リアル対面力

住宅相談会の日曜日。緊急事態宣言が解除されたからといって、その日から劇的に生活が変化がするはずもないが、なんとなく「フツウ」な感じになってきた。問い合わせや住宅の相談にお越しになる方々が増えてきて、っというより、この1年間がフツウでなく、相談会に参加する気分が制限されていたその事実にあらためて気付かされた。徐々にフツウな数の問い合わせに戻ってきた。朝10時から夕方の6時まで、「生身のヒト」と一日中喋り続けた、この一年間では珍しい日曜日だった。

午前中お越しになった若いAさん親子は、以前に新築工事をさせて頂いた家の娘さん夫妻だった。会社でお会いしてその事を聞いてビックリ。建築家の設計で木村工務店で施工した住宅だが、結婚して世帯を持ってからその家の良さに気づいたという。奥さんのご両親の近くで土地を探して新築したい。中古住宅でリフォームでも。っと探しているが、良い物件が出てこないという。自分のこだわりを反映した家に住みたいという若い世代が増えてきているが、想定している以上に土地の価格が高くなって、家そのものの建築費に予算を費やす事が出来ないと嘆く若い相談者が多い。政府が土地価格の上昇を土地の売買税緩和とかで土地価格を抑える方法とかないのかね。

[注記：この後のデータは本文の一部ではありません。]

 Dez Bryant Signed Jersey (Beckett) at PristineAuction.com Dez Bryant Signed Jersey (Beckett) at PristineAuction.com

お昼から植栽の家谷さんが「まちのえんがわ」にやってきて、ワークショップの相談を兼ねながら「まちのえんがわ」の商品棚を本屋さん的から園芸店的にバージョンアップし植栽をいっぱい置く計画で、あーだこーだと議論する。ついでに会社前にある、丁度いま桃の木が満開の長屋も園芸店的やカフェ的や飲食店的やギャラリー的やものづくりセッション的に改装し、新たな「縁」が生まれる新たな場がコロナ後に求められるのかどうか。そんなのを語り合うノンストップの2時間だった。

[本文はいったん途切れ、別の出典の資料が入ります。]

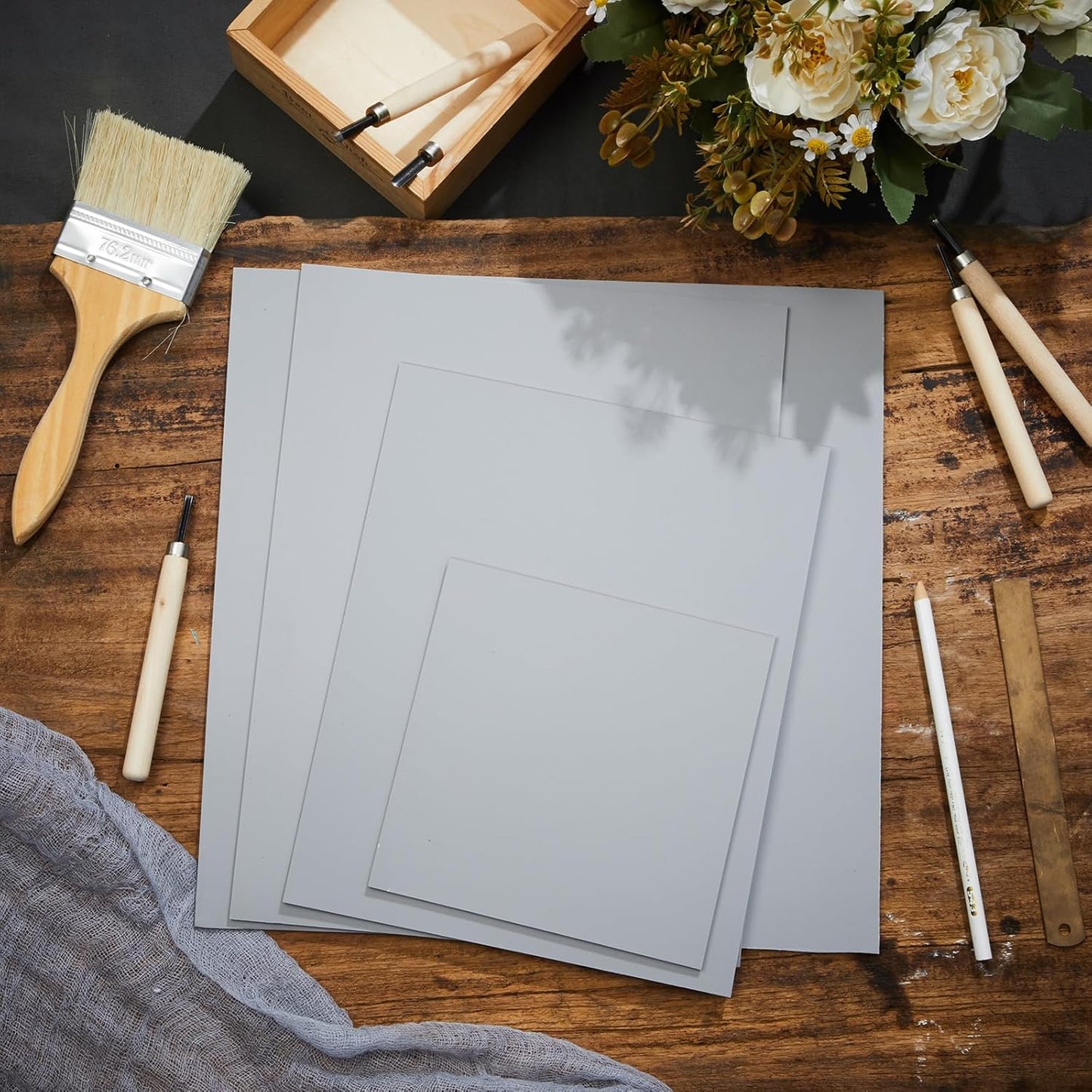 Yeaqee 8 Pcs Linoleum Block Rubber Carving Block Soft Linocut Blocks Large Linoleum Sheet Unmounted Lino Plates for Engraving Art Project Printmaking Artist Studio Supplies (Mixed Sizes,Gray)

午後からの若いBさん親子も、大阪北部で土地を探しているが、どれも高くて、建築費に費やす予算が出てこないと、Aさんと同じように土地価格の問題で躊躇を繰り返しているようだった。あらためて中古住宅を購入してのリフォームの可能性を説明する。少なくとも1階はスケルトンリフォームをお勧めするのは、床や壁の健全性を確認し耐震性能や断熱性能を高めるためには必要な作業で、そんな意味ではキレイな改装工事がされていない中古住宅の方が今のニーズに合っているのだが、未だに改装工事済み直ぐ入居可。みたいな物件も多い。スーモによる物件の見方というか物件の見立てをレクチャーし、次回は、オンラインでの土地探し相談をすることになった。

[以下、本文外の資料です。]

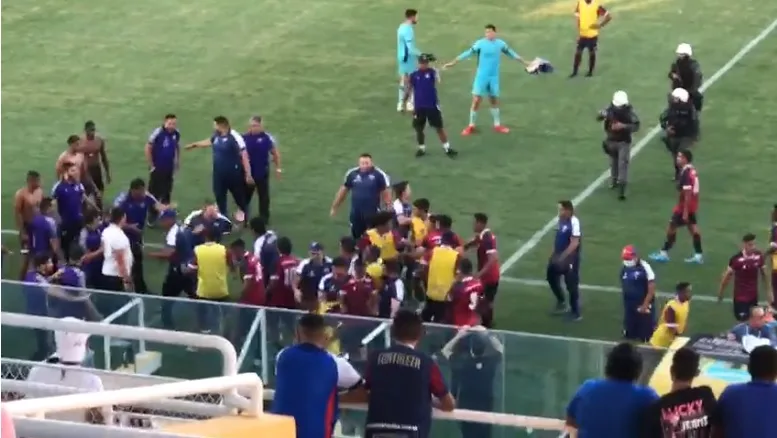 Clássico-Rei do Sub-20 termina com confusão generalizada entre os times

夕方5時過ぎ、「摘み菜」の平谷さんが無農薬のお米を生産する女性を連れ立って「まちのえんがわ」にお越しになる。町のそこらへんの雑草は食べられるのだそうだ。妙齢の女性だが、コトバに洒落が混じって面白お可笑しく雑草をレクチャーしてくださった。近くの居酒屋「遊び菜」さんの紹介でお越しになった初めての方だが、話が弾んで、それに長男の奥さんが興味を示して打ち合わせに参加し、あーだこーだと縁側談義しているうちに、雑草を持ち寄りレクチャーをして食するワークショップを5月に開催することになった。

人とリアルな対面で会い。リアルな対面で会話をする。久しぶりにリアルな対面力をあらためて体感した日曜日だった。